Efficient and reproducible software deployment for EC2 instances

Project description


To install and use CGCloud, you need


Read the entire section before pasting any commands and ensure that all prerequisites are installed. It is recommended to install CGCloud into a virtualenv. Create a virtualenv and use pip to install the cgcloud-core package:

virtualenv ~/cgcloud
source ~/cgcloud/bin/activate
pip install cgcloud-core
  • If you get DistributionNotFound: No distributions matching the version for cgcloud-core, try running pip install --pre cgcloud-core.

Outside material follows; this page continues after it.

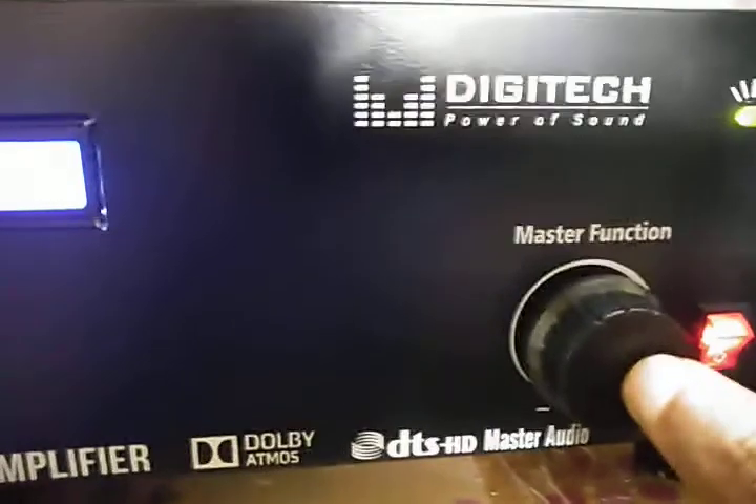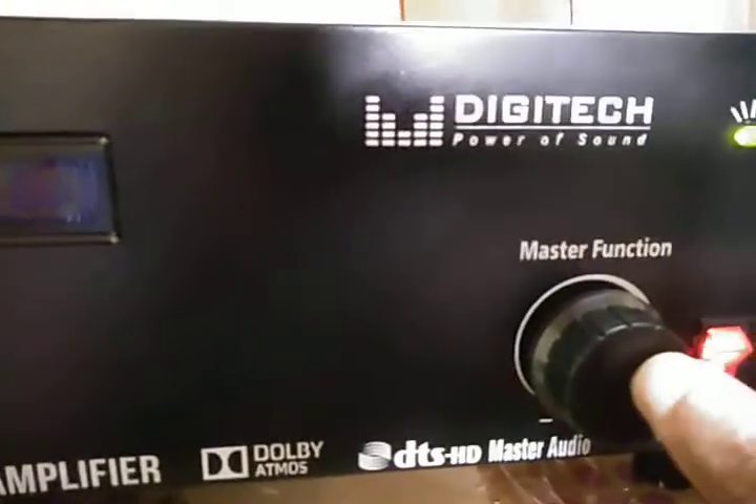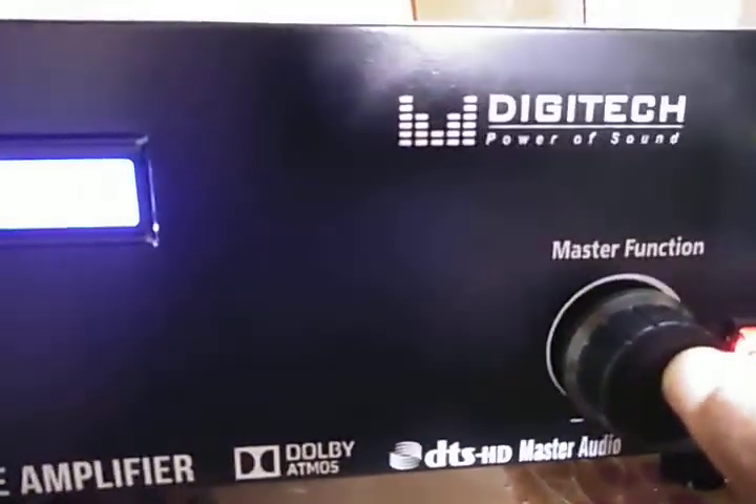We have a volume control with this encoder button. Suppose in mode function, we can control this. If we have a single press button, the menu changes, then rotate. So if we have the encoder for volume control, we can control the volume from end to end.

  • If you get an error about yaml.h being missing you may need to install libyaml (via HomeBrew on OS X) or libyaml-dev (via apt-get or yum on Linux).

  • If you get

    AttributeError: 'tuple' object has no attribute 'is_prerelease'

    you may need to upgrade setuptools

    sudo pip install --upgrade setuptools
  • If you get

    ImportError: cannot import name cgcloud_version

    you may need to upgrade virtualenv

    sudo pip install --upgrade virtualenv
  • If, on Mountain Lion, you get:

    clang: error: unknown argument: '-mno-fused-madd' [-Wunused-command-line-argument-hard-error-in-future]
    clang: note: this will be a hard error (cannot be downgraded to a warning) in the future
    error: command 'clang' failed with exit status 1

    try the following work-around:

    export CFLAGS=-Qunused-arguments
    export CPPFLAGS=-Qunused-arguments

The installer places the cgcloud executable into the bin directory of the virtualenv. Before you can invoke cgcloud, you have to activate the virtualenv as shown above. Alternatively, create a per-user bin directory and symlink the cgcloud executable into it:

mkdir -p ~/bin
ln -snf ~/cgcloud/bin/cgcloud ~/bin

After adding export PATH="$HOME/bin:$PATH" to your to your ~/.profile, ~/.bash_profile or ~/.bashrc, you won’t need to explicitly activate the virtualenv before running cgcloud.

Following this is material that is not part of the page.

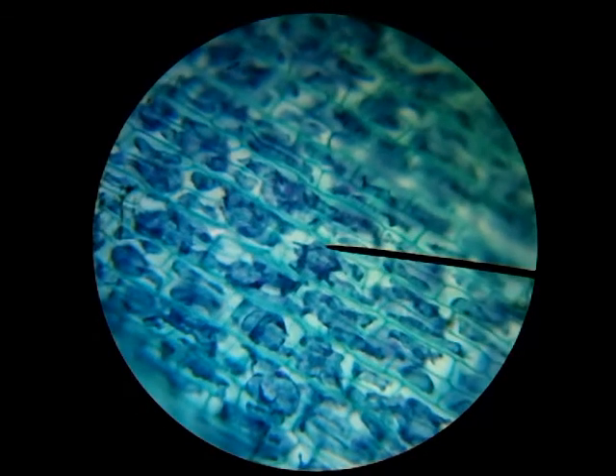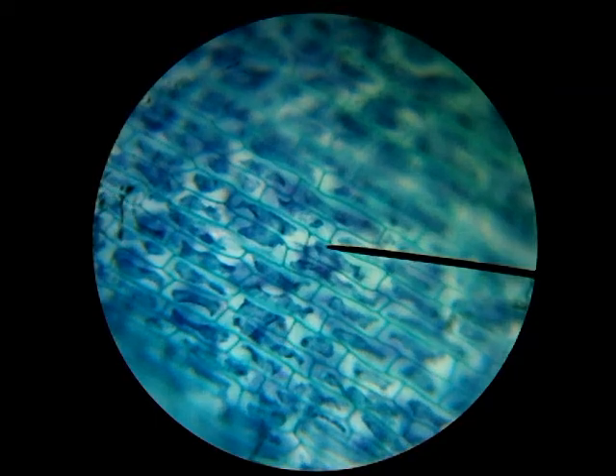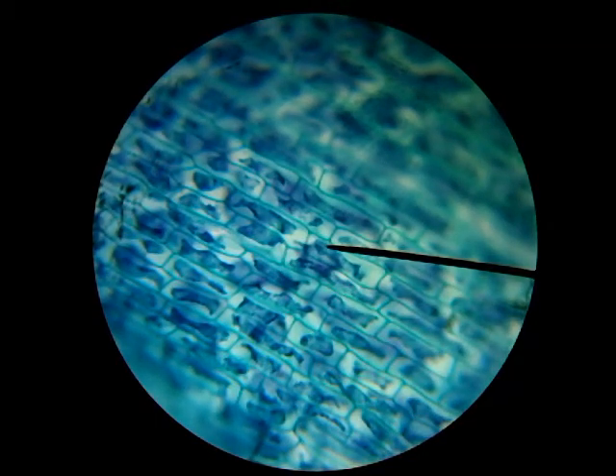To zoom in and out we're just changing the distance between the stage and the lens using the fine focus knob. Here we can see those really distinct cell walls that define this as a plant cell — they all fit together neatly and perfectly, and that's what makes them a plant cell.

You should be able to invoke cgcloud now:

cgcloud --help

Auto-completion for Bash

Install the awesome argcomplete module:

pip install argcomplete

Then add the following command to your ~/.profile:

eval "$(/absolute/path/to/virtualenv/bin/register-python-argcomplete cgcloud)"


Access keys

Ask your AWS admin to setup an IAM account in AWS for you. Log into Amazon’s IAM console and generate an access key for yourself. While your IAM username and password are used to authenticate yourself for interactive use via the AWS console, the access key is used for programmatic access via cgcloud.

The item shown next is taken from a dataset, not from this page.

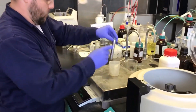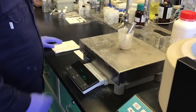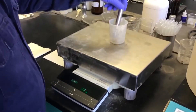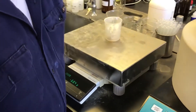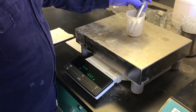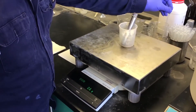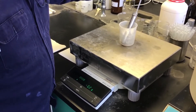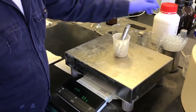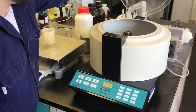To centrifuge, put your acid sample into the sample holder and place it on the analytical balance. Tear the weight on the balance, then take a centrifuge tube filled with water and place it on the opposite side of your sample. Add or remove water until those weights match — this will ensure that the centrifuge is properly balanced in its operation.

Once you have an access key, create ~/.boto on you local computer with the following contents:

aws_access_key_id = PASTE_YOUR_ACCESS_KEY_ID_HERE
aws_secret_access_key = PASTE_YOUR_SECRET_ACCESS_KEY_HERE

The ~/.boto file is being deprecated. Consider using ~/.aws/credentials instead. It is supported by various AWS SDKs and allows for easily switching between different AWS accounts (profiles):



To choose an active profile, set the AWS_PROFILE environment variable:

export AWS_PROFILE=foo

EC2 region and availability zone

Edit your ~/.profile or ~/.bash_profile and add the following line:

export CGCLOUD_ZONE=us-west-2a

This configures both the region us-west-2 and the availability zone within that region: a. Instead of us-west-2a you could use us-east-1a or any other zone in any other EC2 region.

Public SSH key

If you don’t have an SSH key, you can create one using the ssh-keygen command. Do not use the EC2 console to generate a key. This would be insecure and produce a key that is incompatible with CGCloud.

Register your SSH key in EC2 by running:

cgcloud register-key ~/.ssh/

The above command imports the given public key to EC2 as a key pair (I know, the terminology is confusing) but also uploads it to S3, see next paragraph for an explanation. The name of the key pair in EC2 will be set to your IAM user account name. In S3 the public key will be stored under its fingerprint.

If cgcloud complains that the Private key file is encrypted, your private key is probably encrypted with a passphrase (as it should). You need to add the key to the SSH agent via ssh-add which should prompt you for the passphrase. On Mac OS X this can be made more convenient by running ssh-add -K or ssh-add -K /path/to/private/key once. This will automatically add the key to the agent every time you log in. The passphrase will be stored in OS X’s key chain so won’t have to enter it again.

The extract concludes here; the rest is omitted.